Natuna bukan wilayah biasa. Ia adalah gugusan pulau di ujung utara Indonesia. Akses ke sana bukan perkara mudah. Transportasi laut memang tersedia, tapi perjalanannya panjang dan membuat lelah, paling cepat satu hari dua malam, kadang lebih, tergantung cuaca. Harganya memang terjangkau, hanya ratusan ribu. Namun fisik para calon haji, yang rata-rata sudah berusia lanjut, tentu tidak bisa dipaksakan, belum lagi risikonya, jika laut meradang kapal terpaksa terus bersandar di pelabuhan, sebab jika dipaksa seperti bertaruh nyawa.
Alternatif lainnya transportasi udara. Cepat, nyaman, dan aman. Tapi biayanya tidak sedikit lebih dari Rp2 juta sekali jalan, jumlah ini melebihi setengah dari Upah Minimum Kabupaten (UMK) Natuna, dan lebih besar dari gaji pokok honorer Pemkab Natuna. Bimbang, mungkin kata yang cukup menggambarkan situasi ini, JCH tidak tahu harus memilih yang mana. Tapi semua kegalauan itu sirna saat Pemkab Natuna memastikan bahwa seluruh biaya ditanggung mereka.

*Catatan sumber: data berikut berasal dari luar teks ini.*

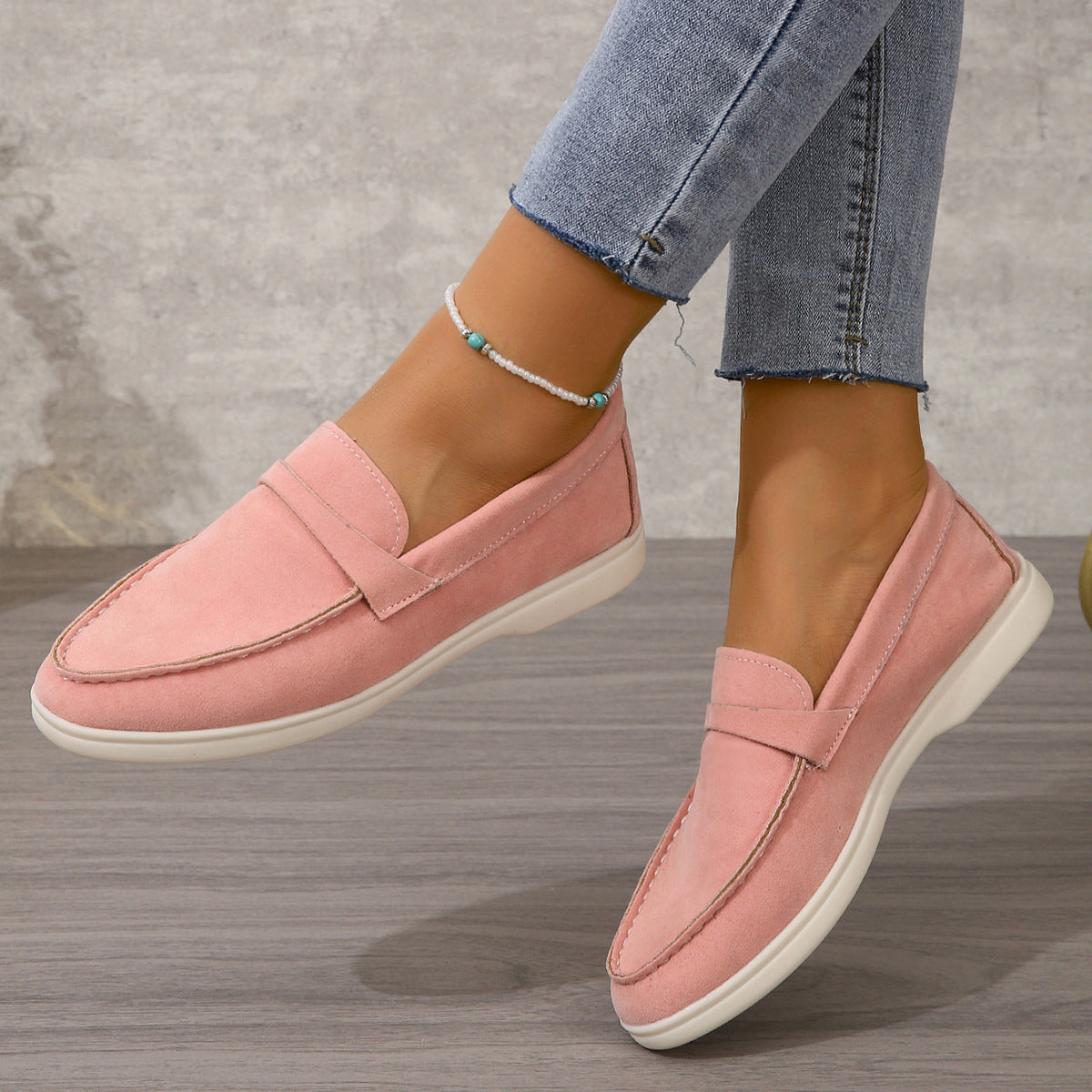 Rory - Lässige flache Loafer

Namun, satu syarat memang harus dipenuhi, JCH harus berangkat lebih awal yaitu pada Selasa (29/4) karena hanya pada hari itu penerbangan memadai tersedia. Kabar itu mungkin kembali membuat jamaah kembali gundah, karena masa tunggu yang harus mereka tempuh di Kota Industri itu tentu membutuhkan biaya tambahan, seperti tempat tinggal dan konsumsi di sebelum keberangkatan.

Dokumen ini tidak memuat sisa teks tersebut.